# Oh my god - apartments upfront payments!!!



## lee99 (Jul 10, 2013)

Oh my god, I found an apartment complex we both LOVE and email them to ask based on us have an Irish clean background check, 6 years of landlord references but no US credit history what would be have to pay upfront. The monthyl rent is $1270 and see she $6000-$7000 upfront!!!! How is anyone meant to have that type of cash lying around especially with the other costs involved in moving from Ireland. SO dissapointed. Is everywhere gonna be that bad in FLorida


----------



## BBCWatcher (Dec 28, 2012)

Probably not, but you represent a high credit risk to potential U.S. landlords amidst a Florida real estate market which has experienced huge default rates. Housing markets in Florida are bound to be a bit odd at this time.

Shop around some more and see what you can find. Keep in mind that it is illegal for landlords to discriminate on the basis of national origin, so you should not have any discussions along those lines. It's prima facie evidence of illegal discrimination for a landlord to ask. Although it's legal for you to volunteer such information, I would not recommend it. Whether you're Irish or Jamaican or Japanese is irrelevant (by law).

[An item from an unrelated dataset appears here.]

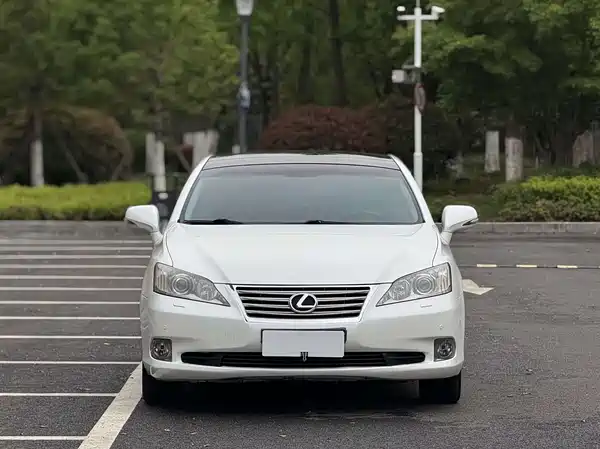 Lexus ES 2012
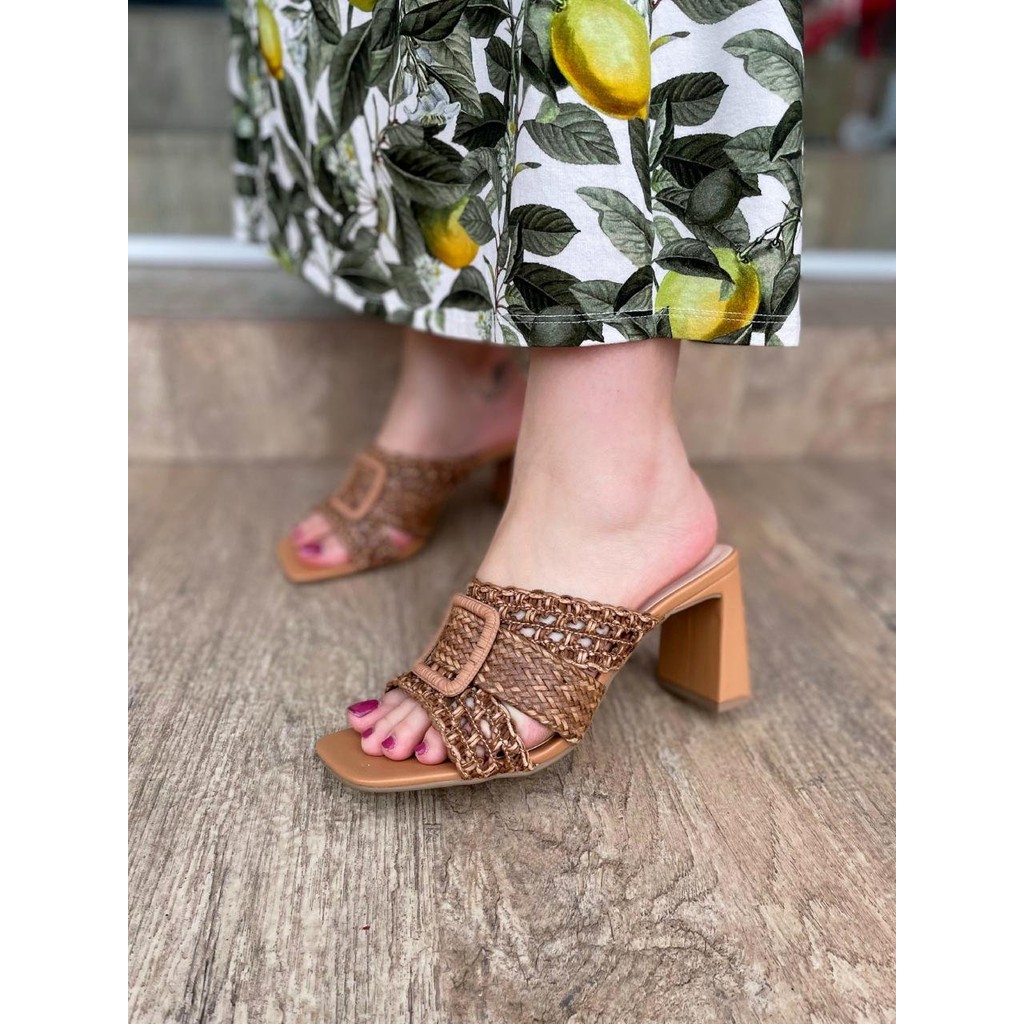 Tamanco Salto Flat Tressê com Fivela Castanho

If you have no U.S. credit history, let the landlord figure that out. It also would not be a negative history.


----------



## lee99 (Jul 10, 2013)

Thanks for that - see the problem is we want to apply from here and have something secured before we move over and I don't want to go paying application fee's left, right and center then to discover we can't make the upfront payments


----------



## BBCWatcher (Dec 28, 2012)

Downpayment terms can be discussed, certainly, but not national origin.

Are you sure you want/have to rent something on a long term lease sight unseen? It's so unnecessary in Florida. The U.S. and particularly Florida is chock full of temporary rentals which are apartment-like (with small kitchens for example) but with daily, weekly, and monthly terms. And they're not very expensive, at least if you shop around a bit. Extended Stay America, IHG's Candlewood and Staybridge brands, and Marriott's Residence Inn are among the examples of the type, but there are many others. Sites like VBRO and FlipKey probably have lots of options, too. Back to school -- September and October -- is a low season in Florida.

It's still a tenant's market in Florida. Landlords are both desperate and wary. You can go a long way toward resolving the latter by simply meeting the landlord or agent face-to-face with a more reasonable down payment ready if terms are acceptable. But don't leap at the first thing, and make sure you realize you're in the strong market position there.


----------



## BBCWatcher (Dec 28, 2012)

A few other examples of apartment-like hotels: Value Place, Homestead, Studio 6, Suburban Hotels, Hawthorn, and Homewood. Examples of other "vacation" rental sites include HomeAway and AirBNB.


----------



## lee99 (Jul 10, 2013)

Ah thanks a mil bbc- we had ruled out hotels thinking they'd be too expensive but this sites look like a great option


----------



## twostep (Apr 3, 2008)

Check into so called extended stay hotels. Then take your time finding a rental.


----------



## Davis1 (Feb 20, 2009)

Florida is the most transient Sstate in the Nation 


Lanndlord and utiliites got scammed daily until they clamped donn in the 90s


----------



## mamasue (Oct 7, 2008)

twostep said:


> Check into so called extended stay hotels. Then take your time finding a rental.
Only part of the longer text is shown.